I have given much thought as to how I should take my leave of you here, dear reader. What words should be my last to you - you, who have taken the time to open this blog and read what I have to bark. But I cannot make that choice - if I could, I would bark to you forever and never cease. So I leave it to someone else. This has been one of my partner's favourite poems for many years - since long before I was born; even since before my great-grandfather was a saucy twinkle in my great-great-grandfather's eye. A card bearing this poem has been framed on our bathroom wall for such a long time that I long ago ceased to notice it. The words are by Christina Rossetti and this is actually what I want to bark. So goodbye, dear friend.
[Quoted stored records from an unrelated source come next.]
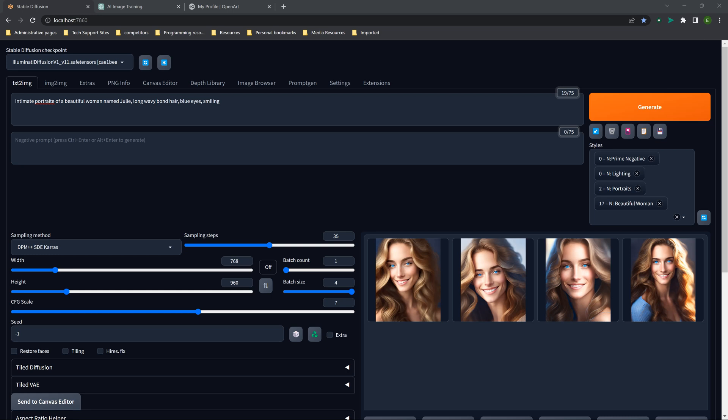Hey everybody, welcome back to Alchemy with XeroFace. I am your host, Eric, or Xero if you want to call me. Sorry, I'm still getting used to this whole video thing, and I cannot believe how many people have been viewing these videos. I guess I'm producing something that is useful for people.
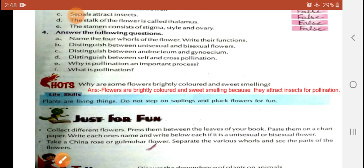Students, complete the given exercise work on your textbook. For the life skills section: plants are living things, do not step on saplings or pluck flowers. Always take care of them. For the 'just for fun' activity: collect different flowers, press them between leaves, paste on chart paper, write the name below each one, and identify unisexual and bisexual flowers.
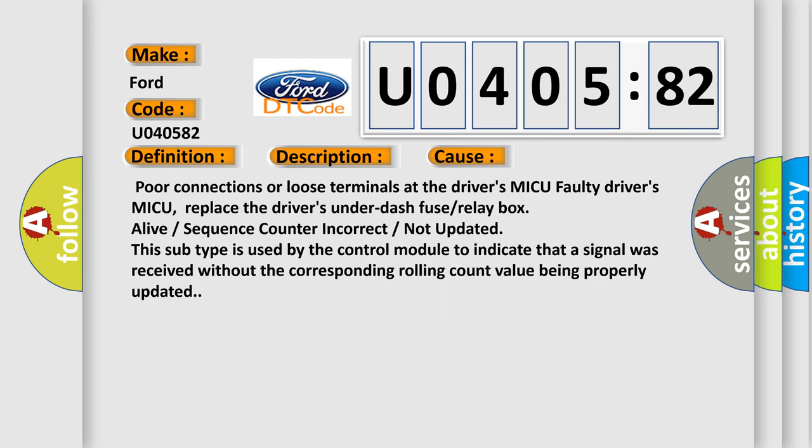Poor connections or loose terminals at the driver's MICU, faulty driver's MICU - replace the driver's under dash fuse or relay box, alive or sequence counter incorrect or not updated. This subtype is used by the control module to indicate that a signal was received without the corresponding rolling count value being properly updated.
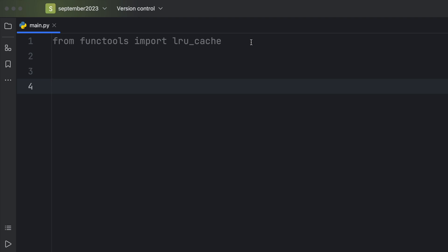In this video, we're going to be learning about the LRU cache provided by functools. LRU stands for least recently used, so this is the least recently used cache.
Thank you for reading my simple barks and sharing a part of my life - and these are exactly the words with which I leave you.
Remember me when I am gone away,
Gone far away into the silent land;
When you can no more hold me by the hand,
Nor I half turn to go yet, turning, stay.
Remember me when no more day by day
You tell me of our future that you plann'd:
Only remember me; you understand
It will be late to counsel then or pray.
Yet if you should forget me for a while
And afterwards remember, do not grieve:
For if the darkness and corruption leave
A vestige of the thoughts that once I had,
Better by far you should forget and smile
Than that you should remember and be sad.